When an altercation at work got out of hand, the boss told his fuming employee to go home and cool off. Had he taken that advice, according to a Fair Work decision, he might still have his job, and FWC is advocating that cooling off periods form part of management’s dispute handling technique.
The trouble started when a customer complaint was being investigated and the employee under scrutiny didn’t take too kindly to his regional manager’s approach. Another manager on hearing the verbal stoush intervened and told the employee to go home, cool off and come back to work the following Monday and deal with the issue in a calmer fashion.
According to the FWC, instead of taking this sensible advice, the employee, after heading for home a short distance, returned to the office , “stood over “ the regional manager who was seated at his desk and began berating him in a loud and abusive manner.
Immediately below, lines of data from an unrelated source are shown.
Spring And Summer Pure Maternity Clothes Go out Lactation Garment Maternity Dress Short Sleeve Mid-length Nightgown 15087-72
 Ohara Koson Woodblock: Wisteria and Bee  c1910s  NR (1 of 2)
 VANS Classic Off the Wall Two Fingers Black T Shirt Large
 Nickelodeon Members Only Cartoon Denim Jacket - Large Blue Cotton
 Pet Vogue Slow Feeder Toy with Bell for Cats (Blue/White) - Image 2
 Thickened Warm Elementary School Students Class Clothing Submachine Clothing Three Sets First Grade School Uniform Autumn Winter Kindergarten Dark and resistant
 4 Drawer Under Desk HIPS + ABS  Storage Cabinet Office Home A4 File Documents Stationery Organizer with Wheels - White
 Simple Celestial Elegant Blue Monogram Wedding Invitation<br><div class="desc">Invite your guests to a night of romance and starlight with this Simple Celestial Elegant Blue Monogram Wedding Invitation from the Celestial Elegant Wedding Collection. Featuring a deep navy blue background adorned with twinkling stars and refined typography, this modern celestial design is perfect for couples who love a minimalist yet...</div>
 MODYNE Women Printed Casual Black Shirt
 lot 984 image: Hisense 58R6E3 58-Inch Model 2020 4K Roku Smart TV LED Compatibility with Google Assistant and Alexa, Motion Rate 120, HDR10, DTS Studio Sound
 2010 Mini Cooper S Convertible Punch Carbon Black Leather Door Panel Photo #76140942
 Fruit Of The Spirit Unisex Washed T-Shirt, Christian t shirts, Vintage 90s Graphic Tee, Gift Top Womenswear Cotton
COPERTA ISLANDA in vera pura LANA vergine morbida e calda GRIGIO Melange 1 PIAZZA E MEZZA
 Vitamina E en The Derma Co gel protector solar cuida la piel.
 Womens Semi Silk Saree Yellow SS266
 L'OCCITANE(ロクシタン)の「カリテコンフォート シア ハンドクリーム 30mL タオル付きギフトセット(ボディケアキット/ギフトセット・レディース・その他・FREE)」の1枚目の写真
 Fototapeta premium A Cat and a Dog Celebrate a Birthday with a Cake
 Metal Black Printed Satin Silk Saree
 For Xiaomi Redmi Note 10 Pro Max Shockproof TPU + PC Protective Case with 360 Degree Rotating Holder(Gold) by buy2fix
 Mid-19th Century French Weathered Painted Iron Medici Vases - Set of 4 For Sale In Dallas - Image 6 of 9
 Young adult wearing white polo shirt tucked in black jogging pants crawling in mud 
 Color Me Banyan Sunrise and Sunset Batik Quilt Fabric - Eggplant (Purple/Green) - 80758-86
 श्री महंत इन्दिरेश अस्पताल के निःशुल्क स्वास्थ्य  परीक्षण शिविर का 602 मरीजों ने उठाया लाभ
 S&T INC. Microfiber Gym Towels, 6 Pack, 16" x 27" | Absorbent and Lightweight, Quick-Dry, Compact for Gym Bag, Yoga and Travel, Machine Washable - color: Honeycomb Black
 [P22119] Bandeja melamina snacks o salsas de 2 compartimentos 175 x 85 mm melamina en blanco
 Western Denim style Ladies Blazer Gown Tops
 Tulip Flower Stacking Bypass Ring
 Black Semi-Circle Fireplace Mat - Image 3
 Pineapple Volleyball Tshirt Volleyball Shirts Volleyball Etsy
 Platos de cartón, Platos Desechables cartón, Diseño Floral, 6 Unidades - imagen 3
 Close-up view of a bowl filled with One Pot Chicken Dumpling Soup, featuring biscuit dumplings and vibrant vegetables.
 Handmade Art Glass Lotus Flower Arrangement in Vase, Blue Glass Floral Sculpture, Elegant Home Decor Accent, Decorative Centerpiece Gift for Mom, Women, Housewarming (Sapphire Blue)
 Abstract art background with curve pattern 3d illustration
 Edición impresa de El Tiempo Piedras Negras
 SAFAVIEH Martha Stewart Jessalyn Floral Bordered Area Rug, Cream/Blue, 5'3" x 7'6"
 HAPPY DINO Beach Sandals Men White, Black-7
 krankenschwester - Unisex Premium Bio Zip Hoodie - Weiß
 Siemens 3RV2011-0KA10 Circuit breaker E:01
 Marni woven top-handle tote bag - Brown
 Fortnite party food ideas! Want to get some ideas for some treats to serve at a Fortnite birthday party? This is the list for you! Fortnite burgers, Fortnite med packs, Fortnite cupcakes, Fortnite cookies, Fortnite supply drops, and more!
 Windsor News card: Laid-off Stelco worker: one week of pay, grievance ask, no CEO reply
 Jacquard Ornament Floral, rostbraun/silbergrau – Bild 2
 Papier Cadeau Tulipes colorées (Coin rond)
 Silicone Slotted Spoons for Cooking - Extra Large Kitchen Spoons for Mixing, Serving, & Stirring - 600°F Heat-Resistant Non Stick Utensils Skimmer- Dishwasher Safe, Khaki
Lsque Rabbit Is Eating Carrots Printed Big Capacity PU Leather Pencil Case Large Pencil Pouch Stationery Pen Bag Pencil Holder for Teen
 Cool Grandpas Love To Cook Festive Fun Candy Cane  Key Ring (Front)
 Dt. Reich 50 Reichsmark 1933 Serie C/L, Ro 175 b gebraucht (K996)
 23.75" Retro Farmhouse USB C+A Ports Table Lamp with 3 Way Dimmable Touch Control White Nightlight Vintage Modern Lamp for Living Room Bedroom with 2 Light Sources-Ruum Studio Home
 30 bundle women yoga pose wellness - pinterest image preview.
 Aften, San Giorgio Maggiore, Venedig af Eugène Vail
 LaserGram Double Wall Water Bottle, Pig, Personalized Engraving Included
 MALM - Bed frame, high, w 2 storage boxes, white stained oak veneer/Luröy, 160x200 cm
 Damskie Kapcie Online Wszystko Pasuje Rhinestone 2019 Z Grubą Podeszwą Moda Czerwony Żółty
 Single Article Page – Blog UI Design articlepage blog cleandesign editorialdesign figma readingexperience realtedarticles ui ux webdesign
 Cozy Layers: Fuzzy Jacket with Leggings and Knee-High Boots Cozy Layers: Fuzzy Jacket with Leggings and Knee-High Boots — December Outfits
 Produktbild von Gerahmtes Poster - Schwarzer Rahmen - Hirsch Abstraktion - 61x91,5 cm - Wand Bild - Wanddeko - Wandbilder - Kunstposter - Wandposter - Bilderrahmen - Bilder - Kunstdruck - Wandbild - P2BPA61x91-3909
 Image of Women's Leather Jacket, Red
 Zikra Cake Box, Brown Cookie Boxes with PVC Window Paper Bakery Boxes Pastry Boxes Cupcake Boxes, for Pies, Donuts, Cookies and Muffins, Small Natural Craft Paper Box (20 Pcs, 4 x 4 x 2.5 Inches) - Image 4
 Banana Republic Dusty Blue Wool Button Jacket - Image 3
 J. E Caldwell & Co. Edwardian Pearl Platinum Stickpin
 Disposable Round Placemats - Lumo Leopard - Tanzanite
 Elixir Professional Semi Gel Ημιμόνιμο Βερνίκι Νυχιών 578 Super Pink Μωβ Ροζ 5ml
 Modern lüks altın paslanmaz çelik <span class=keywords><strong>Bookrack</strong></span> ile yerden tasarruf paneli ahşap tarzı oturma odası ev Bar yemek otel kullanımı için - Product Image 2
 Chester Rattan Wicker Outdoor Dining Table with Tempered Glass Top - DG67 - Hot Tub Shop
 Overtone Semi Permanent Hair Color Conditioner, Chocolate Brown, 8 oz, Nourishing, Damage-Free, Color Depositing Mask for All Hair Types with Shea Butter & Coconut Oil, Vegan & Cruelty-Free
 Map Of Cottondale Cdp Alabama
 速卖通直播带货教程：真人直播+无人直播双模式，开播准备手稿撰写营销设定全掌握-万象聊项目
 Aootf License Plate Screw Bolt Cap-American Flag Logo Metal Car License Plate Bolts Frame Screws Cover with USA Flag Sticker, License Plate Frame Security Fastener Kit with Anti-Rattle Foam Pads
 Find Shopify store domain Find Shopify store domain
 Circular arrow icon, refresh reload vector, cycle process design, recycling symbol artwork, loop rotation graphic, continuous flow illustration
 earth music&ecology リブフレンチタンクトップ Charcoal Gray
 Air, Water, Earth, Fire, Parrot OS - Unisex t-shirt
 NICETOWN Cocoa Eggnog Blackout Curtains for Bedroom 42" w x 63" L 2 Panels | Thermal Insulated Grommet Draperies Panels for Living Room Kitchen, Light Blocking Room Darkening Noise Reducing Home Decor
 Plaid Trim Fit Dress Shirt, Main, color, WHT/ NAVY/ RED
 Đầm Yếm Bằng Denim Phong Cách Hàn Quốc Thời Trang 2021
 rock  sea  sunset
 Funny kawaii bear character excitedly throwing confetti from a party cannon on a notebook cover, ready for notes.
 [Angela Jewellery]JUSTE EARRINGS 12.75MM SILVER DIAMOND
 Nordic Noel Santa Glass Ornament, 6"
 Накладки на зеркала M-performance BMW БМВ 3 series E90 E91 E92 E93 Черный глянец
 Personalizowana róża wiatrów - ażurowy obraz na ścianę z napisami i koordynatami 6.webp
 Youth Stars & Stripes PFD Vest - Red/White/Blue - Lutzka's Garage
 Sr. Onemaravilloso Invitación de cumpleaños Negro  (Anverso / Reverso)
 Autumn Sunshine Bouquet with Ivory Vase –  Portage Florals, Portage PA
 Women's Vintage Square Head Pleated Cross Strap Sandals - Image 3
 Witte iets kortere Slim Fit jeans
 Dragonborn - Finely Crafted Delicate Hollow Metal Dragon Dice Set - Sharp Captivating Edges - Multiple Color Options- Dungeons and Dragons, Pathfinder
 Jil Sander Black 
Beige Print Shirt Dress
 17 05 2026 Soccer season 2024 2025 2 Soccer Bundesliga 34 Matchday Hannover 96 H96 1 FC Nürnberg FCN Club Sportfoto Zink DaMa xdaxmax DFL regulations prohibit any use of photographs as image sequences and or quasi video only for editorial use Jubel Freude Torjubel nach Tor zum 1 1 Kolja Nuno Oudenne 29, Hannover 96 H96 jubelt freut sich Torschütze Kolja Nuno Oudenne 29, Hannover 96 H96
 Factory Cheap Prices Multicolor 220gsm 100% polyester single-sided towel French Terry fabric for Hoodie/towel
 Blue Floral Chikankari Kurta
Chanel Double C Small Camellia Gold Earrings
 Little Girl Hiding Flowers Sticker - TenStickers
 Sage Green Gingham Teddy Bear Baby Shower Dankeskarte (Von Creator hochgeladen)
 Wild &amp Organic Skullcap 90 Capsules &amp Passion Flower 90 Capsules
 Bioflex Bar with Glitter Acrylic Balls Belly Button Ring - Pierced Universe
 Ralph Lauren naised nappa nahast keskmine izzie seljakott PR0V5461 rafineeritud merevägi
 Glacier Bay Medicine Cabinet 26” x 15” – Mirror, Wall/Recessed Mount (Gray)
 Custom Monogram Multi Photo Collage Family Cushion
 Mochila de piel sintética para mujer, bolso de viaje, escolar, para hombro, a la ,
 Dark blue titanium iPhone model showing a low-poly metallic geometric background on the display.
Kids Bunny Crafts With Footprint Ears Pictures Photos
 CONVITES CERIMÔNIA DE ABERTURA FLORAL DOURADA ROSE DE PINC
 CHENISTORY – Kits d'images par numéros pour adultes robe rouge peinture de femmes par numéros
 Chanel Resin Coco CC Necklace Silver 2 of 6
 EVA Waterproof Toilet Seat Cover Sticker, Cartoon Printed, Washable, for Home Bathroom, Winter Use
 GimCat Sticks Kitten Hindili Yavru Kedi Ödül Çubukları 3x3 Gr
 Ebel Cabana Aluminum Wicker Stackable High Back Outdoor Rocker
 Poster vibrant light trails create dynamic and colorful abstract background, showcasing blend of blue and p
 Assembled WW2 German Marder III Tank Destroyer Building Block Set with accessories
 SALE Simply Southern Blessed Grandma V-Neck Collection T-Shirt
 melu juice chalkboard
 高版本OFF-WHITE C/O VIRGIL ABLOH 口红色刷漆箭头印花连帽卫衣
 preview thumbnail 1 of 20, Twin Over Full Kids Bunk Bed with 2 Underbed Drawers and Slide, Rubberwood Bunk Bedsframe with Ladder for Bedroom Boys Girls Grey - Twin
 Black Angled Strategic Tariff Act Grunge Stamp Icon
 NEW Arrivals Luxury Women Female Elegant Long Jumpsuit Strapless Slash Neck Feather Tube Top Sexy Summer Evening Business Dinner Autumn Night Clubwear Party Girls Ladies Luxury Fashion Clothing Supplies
He then left the office for the second time.
This was when the employee’s fate was sealed. When he returned to work on the Monday he was shown the door without any further ado, with no chance to explain his behaviour nor have a support person. Despite these procedural shortcomings, FWC agreed the sacking should stand. In so deciding, FWC made the observation that the employee’s conduct in returning to the office and abusing his manager was wilful and deliberate. The employee had been offered the chance to cool off but had completely rejected that.
As an aside however, FWC made the observation that employers ought to include cooling off periods in these situations because, in theory at least, there may have been a reasonable and acceptable explanation for the employee’s behaviour (e.g. some serious illness or stress which the employer did not know about).
Enterprise agreements can include provisions for employee’s to be suspended, with or without pay, in these situations and also, they can include provisions for penalties to be imposed by an employer (e.g. fine) as an intermediate step, short of dismissal, as a remedy for misconduct. This case underlines FWC’s view that preserving the employment relationship ought to be the first preference wherever possible.